++++ Data records

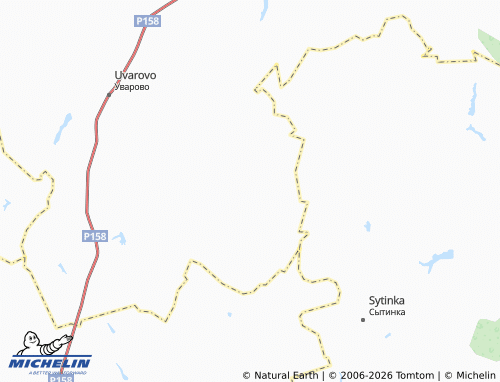 MICHELIN-Landkarte Shirokois - ViaMichelin
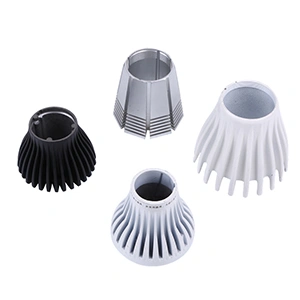 Design and processing of aluminum alloy die casting products for lamps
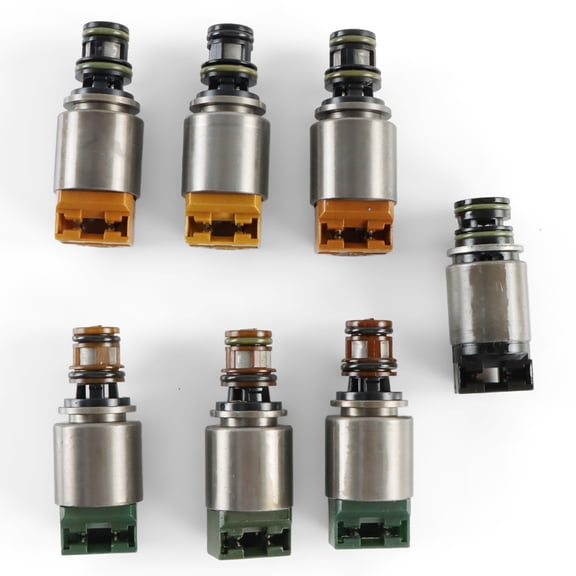 KESSOCCO 7PCS 6HP Transmission Solenoid Kit for BMW X3, X5 & Audi A6, A8, Q7 (6HP19, 6HP26, 6HP32)
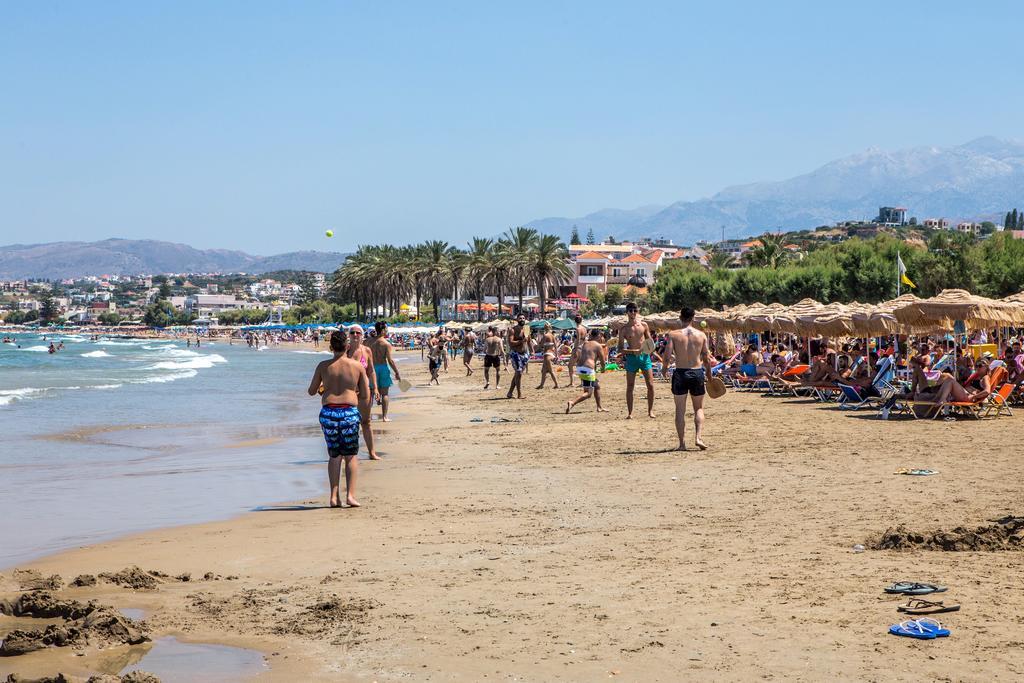 Superior Villa Marina Mare Sauna Hammam Nea Kydonia  Luaran gambar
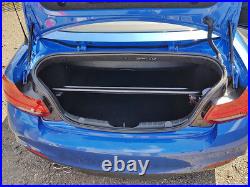 BMW 2 Series F23 Wind Deflector 2014-onwards Mesh Black BMW 2 Series F23 Wind Deflector 2014-onwards Mesh Black
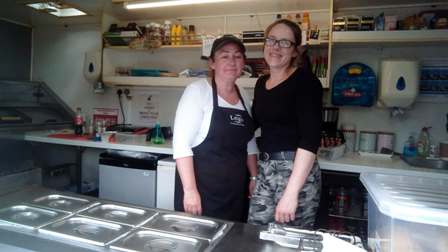 Orkney Caterers Going Greener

++++++++

The problem: Output the data above in full. Skip every picture.

Output below:
 MICHELIN-Landkarte Shirokois - ViaMichelin
 Design and processing of aluminum alloy die casting products for lamps
 KESSOCCO 7PCS 6HP Transmission Solenoid Kit for BMW X3, X5 & Audi A6, A8, Q7 (6HP19, 6HP26, 6HP32)
 Superior Villa Marina Mare Sauna Hammam Nea Kydonia  Luaran gambar
 BMW 2 Series F23 Wind Deflector 2014-onwards Mesh Black BMW 2 Series F23 Wind Deflector 2014-onwards Mesh Black
 Orkney Caterers Going Greener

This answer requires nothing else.